Random Thoughts for a Random Market

I want to go on record as saying this is one mixed up market. Like Monday, today starts out to the downside… rallies nicely into positive territory and wanders aimlessly into the close. Now to me that is random market activity. Whatever way the wind is blowing the market finds itself pointing in that direction. No conviction, no trust, no belief and no clarity. With all of that in mind I have some random thoughts on where we stand currently:

  1. The NASDAQ index is at the 5080 ish level and remains below the 2000 highs of 5132. From my view if we are going to continue higher the index needs to take out that level and move higher. If not, the downside check towards support could be the 4812 mark. In conjunction with the downside move 5007 would be the level of support that would offer hope of holding the move to a smaller test. From my view the NASDAQ plays a key role in the future movement of the broad markets. This is a short term (3-9 months) outlook for the index
  2. S&P 500 index is flirting with the 50 day moving average. 2134 is the previous high and level we need to move through similar to the NASDAQ index. The difference being that was a new high for the S&P 500 index. 2080 is near term support and the 2010 mark is the likely destination for any correction or pullback in the index. This is a short term outlook for the index.

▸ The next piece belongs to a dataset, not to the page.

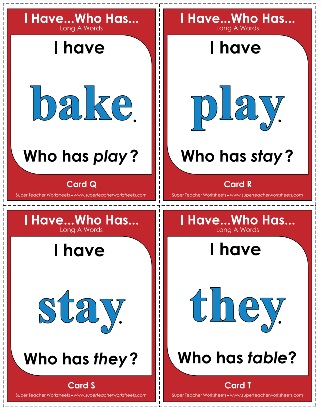 Printable Phonics Worksheets - Long A Vowel Sound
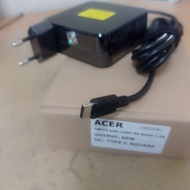 Original Charger Adaptor 65W Laptop Acer Aspire 5 Spin 14 A5SP14 A5SP14-51MTN 20V 3.25A Type-C squar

  3. In relationship to the S&P 500 index is breaking down the sectors. A look at the pivot point of the latest low (March 26th) as the starting point we find a mess. Below is a chart showing the scatter graphs of the ten sectors of the index bench marked against the index. The results are three leaders… XLK, XLV, XLY, three laggards… XLB, XLF, XLU, and four losers… XLE, XLP, IYZ, XLI. The division among the sectors is indicative of what we have been discussing the last three months… no direction at the sector level which defines the broader index. This is a market stuck in a indecision mode. Chart
  4. The chart of Europe (IEV) shows a similar test to the 50 day moving average as the S&P 500 index. A break lower takes out the trendline off the January lows and disrupts the upside move in the sector. Greece is getting the blame as they continue to banter about repayment of the ECB/IMF loan negotiations. I don’t expect a resolution any time soon and we may well see Greece exit the euro zone. The real test in the country has come from Germany (EWG). They are the economic leader for the euro zone and the break of the trendline off the January lows was broken on the downside last week. This remains a questionable challenge for Europe overall. This is one sector of the world to watch as it unfolds. The domino effect in Europe could rattle the balance of the global markets going forward.

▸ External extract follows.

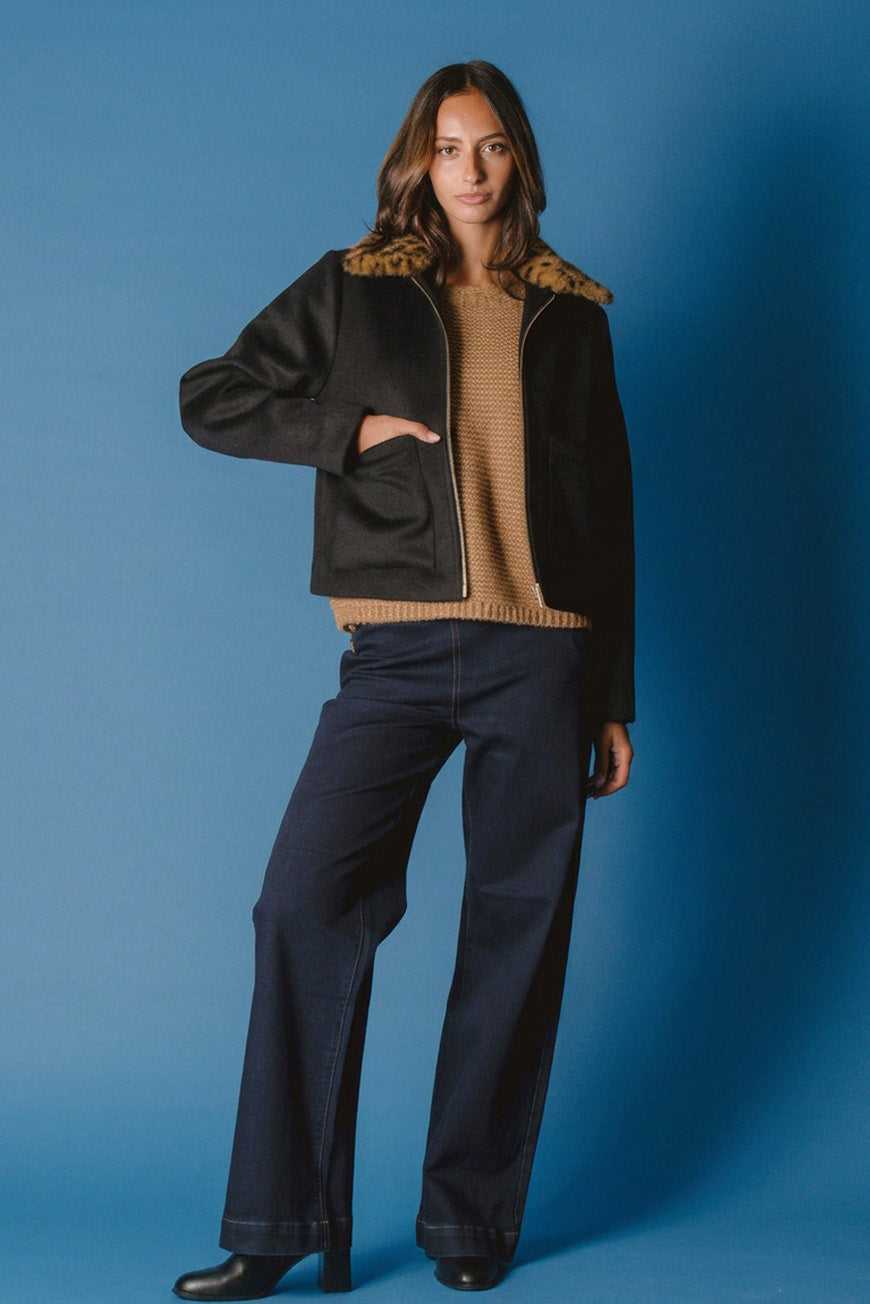 MANTEAU PHILOMENE NOIR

  5. The trend in banks and the financial sector are key from my perspective. Interest rates are rising again with a jump of 16 basis points the last two days. This should help the sector, but it has had minimal effect which shows the lack trust or belief by investors of the sustainability going forward. Many don’t believe the Fed has what it takes to make the tough decisions on rates and the outlook for growth in the US markets. KRE, Regional Banks ETF, bounce back on Tuesday, but has been in trading range with pressure each time it attempts to break higher. Takes patience and a longer term perspective to own the sector and for now that is our focus. I am willing to add to the position if we get the move through the resistance of the previous highs. KBE, Large Banks, is in the same boat on the upside move. $24.50 is the key support for the Financials (XLF).
  6. Treasury bonds (TLT) are under pressure on the rise in interest rates the last few days. How this plays out is up to the Fed as it has been for the last few years. Short treasury bonds is building an argument again after the recent stall. $118.60 is the key support level to watch near term.

As we continue to say patience in the key in this random walk through the markets we are currently experiencing. Take it one day at a time and more importantly take what the market gives.